16 Jul , 2026 By : Debdeep Gupta
Shares of HDFC Life Insurance Company Ltd gained nearly 2 percent to emerge as the top gainer on Nifty 50 in early trade on Thursday after the private life insurer reported fiscal first quarter results that exceeded Street expectations on value creation. Brokerage Nomura upgraded the stock to 'Buy', citing better-than-expected margins and attractive valuations.
HDFC Life shares rose as much as 2.2 percent to Rs 580 in early trade. The stock had closed at Rs 567.20 on Wednesday, up 2.16 percent ahead of the earnings announcement, but remains down 24.4 percent so far in 2026.
The insurer delivered a resilient performance for the April-June quarter, with value of new business (VNB) rising 8.5 percent year-on-year to Rs 879 crore, ahead of the CNBC-TV18 poll estimate of Rs 842 crore. VNB margin remained steady at 25 percent, comfortably above the Street expectation of 24.3 percent, reflecting continued focus on profitability despite changes in the tax regime.
Annualised Premium Equivalent (APE) increased 8.8 percent year-on-year to Rs 3,515 crore, ahead of estimates, while retail APE rose 6.9 percent to Rs 2,969 crore. New business premium grew 12 percent to Rs 8,143 crore, broadly in line with expectations. Profit after tax increased 12 percent to Rs 611 crore, while assets under management crossed Rs 4 lakh crore during the quarter.
Management said the company continued to benefit from a value-focused product mix and healthy traction in its protection business. Chief Financial Officer Niraj Shah said VNB margin would have been 25.6 percent, compared with 25.1 percent a year earlier, after excluding the impact of GST. Underlying profit growth, excluding the GST impact, stood at 17 percent during the quarter.
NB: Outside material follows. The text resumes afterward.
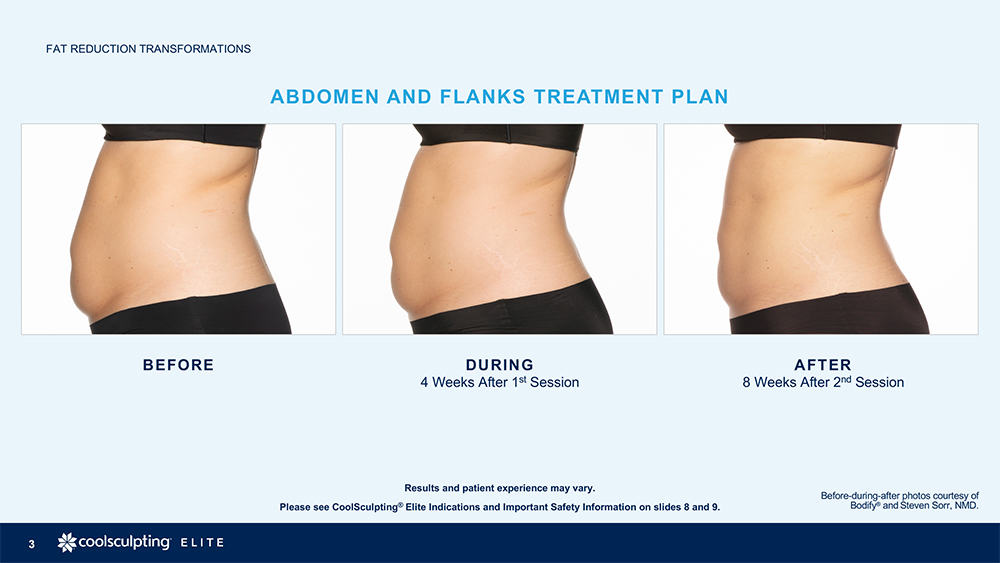 CoolSculpting® consultations are now available at Raleigh Plastic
Following the results, Nomura upgraded HDFC Life to 'Buy', and raised its target price to Rs 730, implying an upside of about 29 percent from Wednesday's closing price.
The brokerage said the company delivered a VNB margin beat of around 100 basis points, while the GST-related drag on profitability is likely to persist for one more quarter. It expects HDFC Life to deliver 12 percent APE growth and 14 percent VNB growth in FY27.
Nomura said that the insurer's bancassurance channel remains weak, although trends in the agency channel are improving. It said the better product mix and resilient profitability provide confidence in earnings growth, while the stock's current valuation offers an attractive entry point despite a moderate growth outlook.